I was asked to make a formal complaint to the police about how they had responded to one young man, Rich Cottee, living in the HMO. He was an ex-prisoner who had been housed away from all his friends and family and had nowhere to go. He’d walked the streets until the manager in an all-night McDonalds, on seeing Rich shaking with shock, had taken pity on him and given him a free coffee. Rich went back to his burned out home but the police had very little sympathy for him. Neighbours gave him breakfast the next day. He was eventually given emergency housing by Ipswich Borough Council three days later. When I put in a formal complaint to the police I got no response.
The neighbours on Kitchener Road were so proud of Paul, John and Sky that they banded together and bought beautifully engraved glass plaques thanking them for their bravery. Margaret Gardner organised a presentation ceremony at Norbridge Social Club on Saturday 23rd July. The Club gave them a room for free. I was asked to say a few words and present the awards. I was also asked to contact the press because the residents wanted recognition for the ‘heroes of the fire’. Paul Geater from Ipswich Star came to the event and took photos. The story was published the next day.
BBC Radio Suffolk organised to meet us a few days later on Wednesday 27th July. By that time the mood among residents had started to shift from celebrating the heroes of the fire, to blaming the police for not doing sufficient investigations after receiving numerous complaints from neighbours. We’d been told that police had followed all procedures and the evidence hadn’t reached the threshold required for a forced entry. Paul Casabona said it was the police’s duty to find evidence, which I had to agree with. At that interview I raised the point that if they had followed all procedures laid down then the procedures weren’t good enough. The interview was held on the pavement opposite the badly fire damaged houses. The coverage was aired at 7am the following morning, 28th July, on BBC Radio Suffolk.

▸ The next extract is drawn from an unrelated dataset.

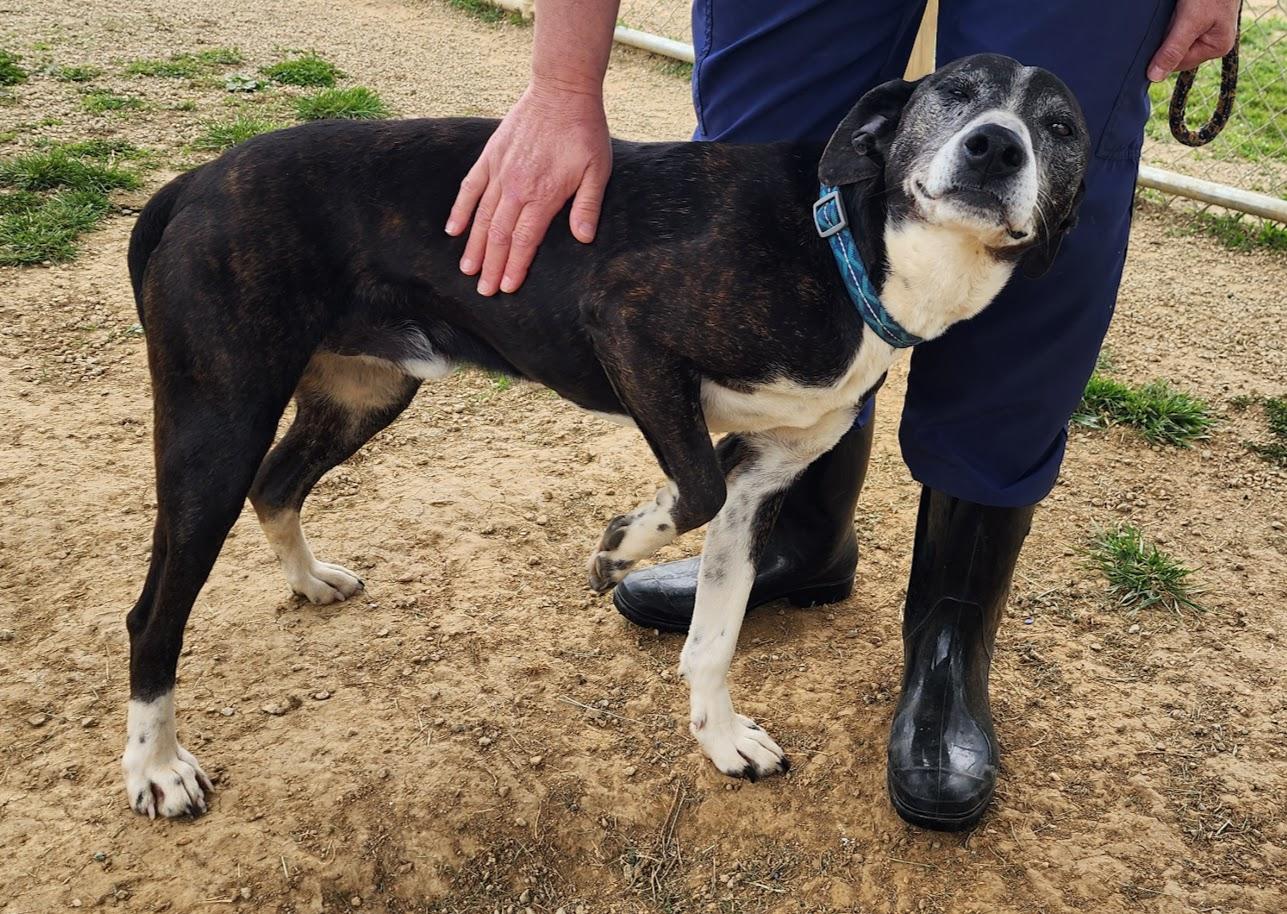 Tahoe 110-26, a ADOPTABLE mixed breed in Cambridge, OH image 6/6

Paul Geater rang me up later on the Wednesday, I guess because he’d been advised to by Radio Suffolk. My views were reflected in an article that appeared in the Ipswich Star the next day, also on the 28th July. We made front page and page two on that occasion.
Residents had asked me to arrange for Tim Passmore to come over and listen to their story. They wanted to complain about the police’s lack of interest in investigating the suspected cannabis farm after so many complaints, which had resulted in a terrible fire destroying five homes. I happen to know Tim because I’m on the Police & Crime Panel at Suffolk County Council. The Panel holds Tim Passmore to account for the police’s actions. So I contacted Tim and he readily agreed to meet residents on the street as soon as he was able to. This happened on Thursday 4th August. Residents wanted the press to be there again so I contacted Ipswich Star and BBC Radio Suffolk. Both attended the meeting. People who’d lost their homes to the fire and one of the heroes, Paul Casabona, came along. Feeling ran high.

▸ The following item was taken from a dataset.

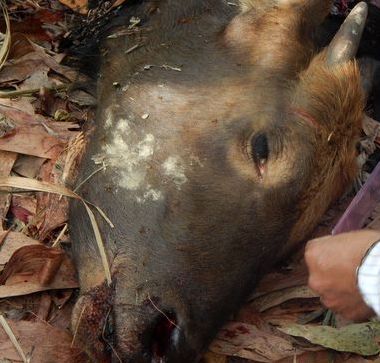 Con bò tót bị bắn chết cách đây hơn 2 tuần, bị róc hết thịt chỉ còn lại xương và đầu (Ảnh: X Hoàng/nld.com.vn)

Afterwards Tim Passmore sat down with residents and drank a cup of tea. He listened to their stories. I made the point that the police should be required to do a fire risk assessment, if possible with help from the fire service, if they have the slightest suspicion that a property holds a cannabis farm. This is apparently the third fire in a cannabis farm in a residential street in Ipswich in the last twelve months. Cannabis farms shouldn’t be treated as the same level of fire risk as the home of a drug dealer. Tim understood the cynicism with which the residents viewed the police and that this issue alone needs to be fixed. He went off promising to get back to me with statement on what he was doing about the situation.
The interview was aired on BBC Radio Suffolk the next morning at 7am on Friday 5th August. They interviewed a police officer live on air, who said that they were progressing with making an arrest over the cannabis farm but it was taking a long time as they needed to collaborate with other agencies. Personal interviews with the police were offered to all individuals made homeless or otherwise caught up in the fire. The officer said one person had been seen the previous evening. The story made the front page again in the Ipswich Star on Friday 5th August.

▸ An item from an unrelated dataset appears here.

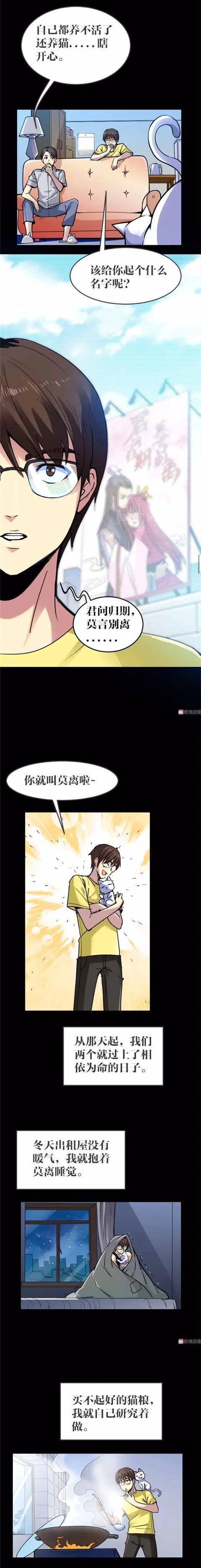 漫畫｜人性篇：會做飯的網紅貓咪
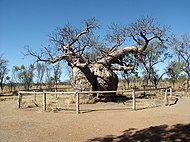 Adansonia gregorii.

I continue to keep in touch with residents. I hope now that they have been able to express their justifiable anger and frustration with the police that emotions will start to calm down. I also hope that the police will have learned a useful lesson about the potential damage to lives and property that can be caused by a fire from a cannabis farm. I hope that Tim Passmore recommends that the police adopt risk assessments whenever there’s the slightest suspicion that a residential property is being used to grow cannabis. Tim also needs to find a way of improving the police’s standing within the community. The residents of Kitchener Road still resent paying for the police through their Council Tax but the police not protecting them from the fire hazard of a cannabis farm in their street.
Cllr Debbie Richards, Conservative County Councillor for St Margaret's and Westgate Division.